"When someone asks me about my personal relationship to God, my first spontaneous reply is a question: What do you mean by God? For decades, I have been speaking about religion with people all over the world, and I have learned one thing from this experience: the word God ought to be used with utmost caution if we want to avoid misunderstandings. On the other hand, I find far-reaching agreement among human beings, once we reach that mystical core from which all religious traditions spring. Even those who cannot identify themselves with any organized religion are often deeply rooted in mystical experiences. This is where I find my own reference point for the meaning of the term God. It needs to be anchored in that mystical awareness upon which all humans agree before they start talking about it.

"In my best, my most alive moments — in my mystical moments, if you want — I have a profound sense of belonging. At those moments, I am aware of being truly at home in this universe. I know that I am not an orphan here. There is no longer any doubt in my mind that I belong to this Earth Household, in which each member belongs to all others — bugs to beavers, black-eyed susans to black holes, quarks to quails, lightning to fireflies, humans to hyenas and humus. To say 'yes' to this limitless mutual belonging is love. When I speak of God, I mean this kind of love, this great 'yes' to belonging. I experience this love at one and the same time as God's 'yes' to all that exists (and to me personally) and as my own little 'yes' to it all. In saying this 'yes' I realize God's very life and love within myself.

"But there is more to this 'yes' of love than a sense of belonging. There is always also a deep longing. Who has not experienced in love both the longing and the belonging?

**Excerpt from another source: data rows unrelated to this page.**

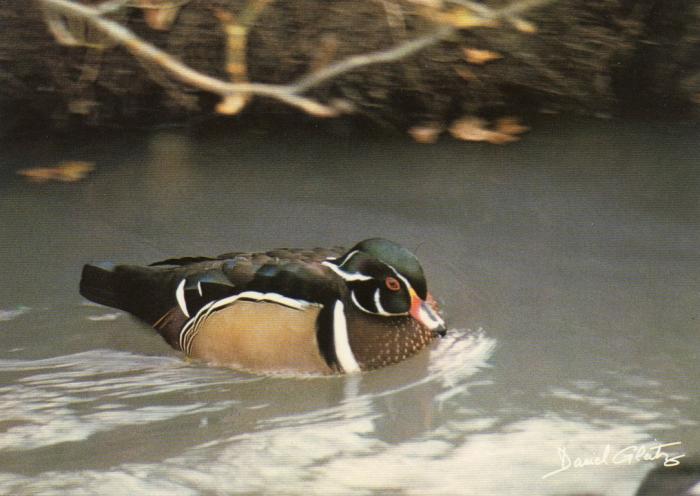 Canard carolin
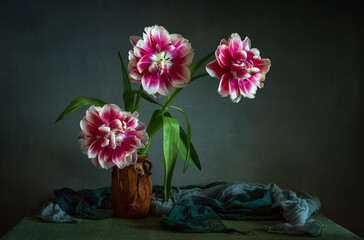 Peony-shaped tulips on a dark background.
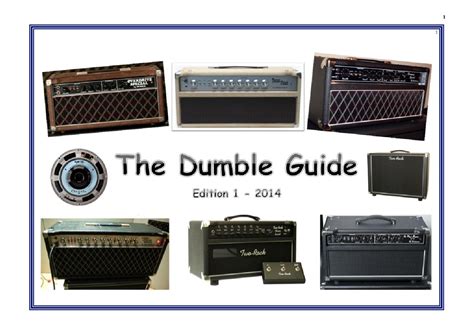 The Dumble Guide Edition 1 2014 | Dumble, Guitar amp, Electric guitar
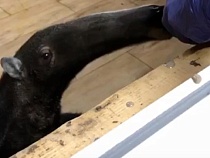 В Калининграде сняли на видео шокирующе дорогой обед муравьеда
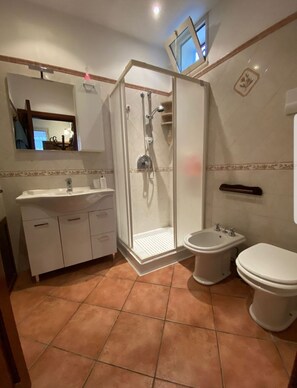 Shower, hair dryer, bidet, towels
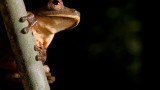 Nocturnal tree frog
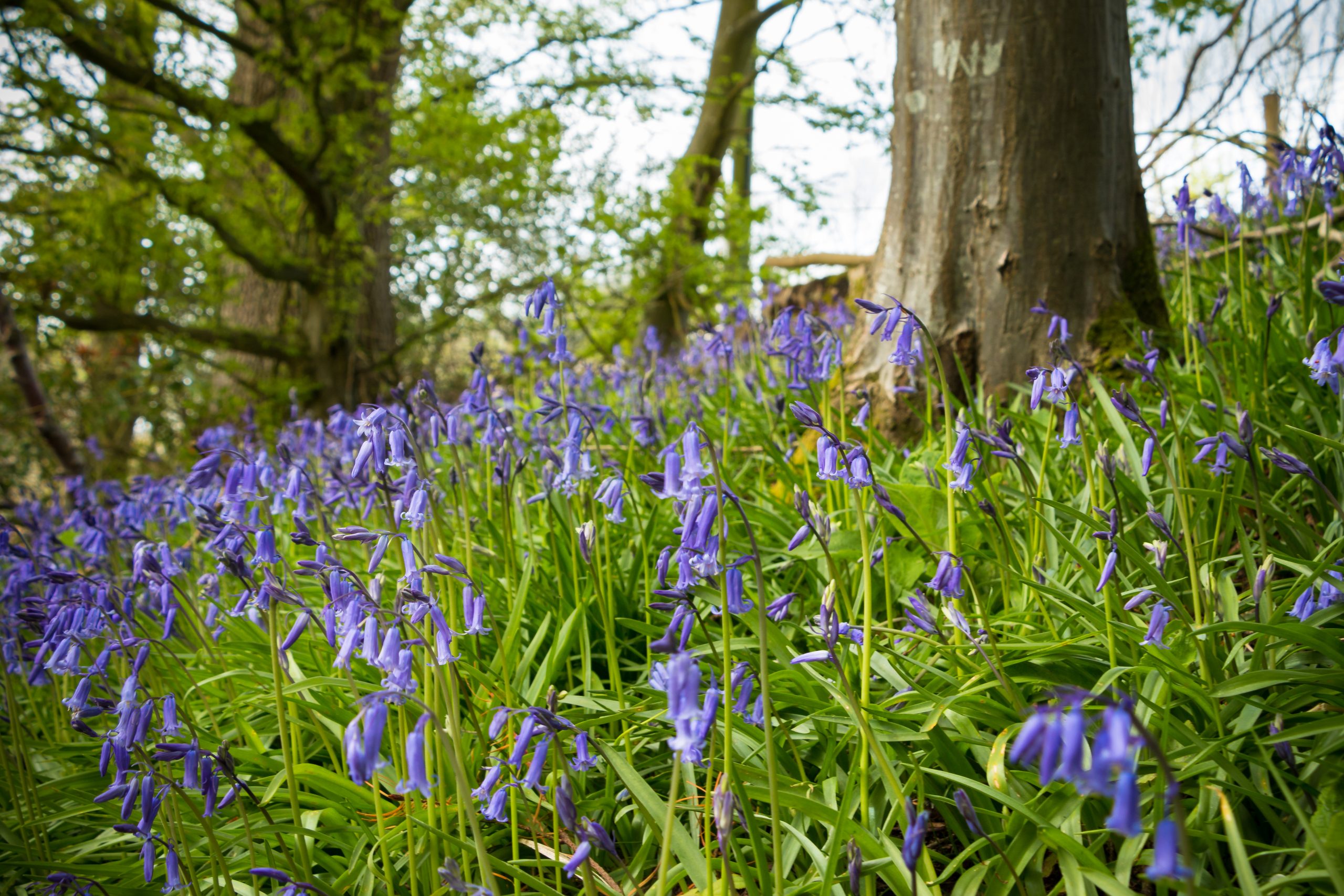 Bluebell in woods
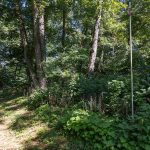 012-1370 Knight Island Rd_Lot_Delivered-4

Paradoxically, these two heighten each other's intensity. The more intimately we belong, the more we long to belong every more fully. Longing adds a dynamic aspect to our 'yes' of love. The fervor of our longing becomes the expression and the very measure of our belonging. Nothing is static here. Everything is in motion with a dynamism that is, moreover, deeply personal.

"Where love is genuine, belonging is always mutual. The beloved belongs to the lover, as the lover belongs to the beloved. I belong to this universe and to the divine 'Yes' that is its Source, and this belonging is also mutual. This is why I can say 'my God' — not in a possessive sense, but in the sense of a loving relatedness. Now, if my deepest belonging is mutual, could my most fervent longing be mutual, too? It must be so. Staggering though it is, what I experience as my longing for God is God's longing for me. One cannot have a personal relationship with an impersonal force. True, I must not project on God the limitations of a person; yet, the Divine Source must have all the perfections of personhood. Where else would I have gotten them?

"It makes sense, then, to speak of a personal relationship with "God. We are aware of this — dimly at least — in moments in which we are most wakeful, most alive, most truly human. And we can cultivate this relationship by cultivating wakefulness, by living our human life to the full."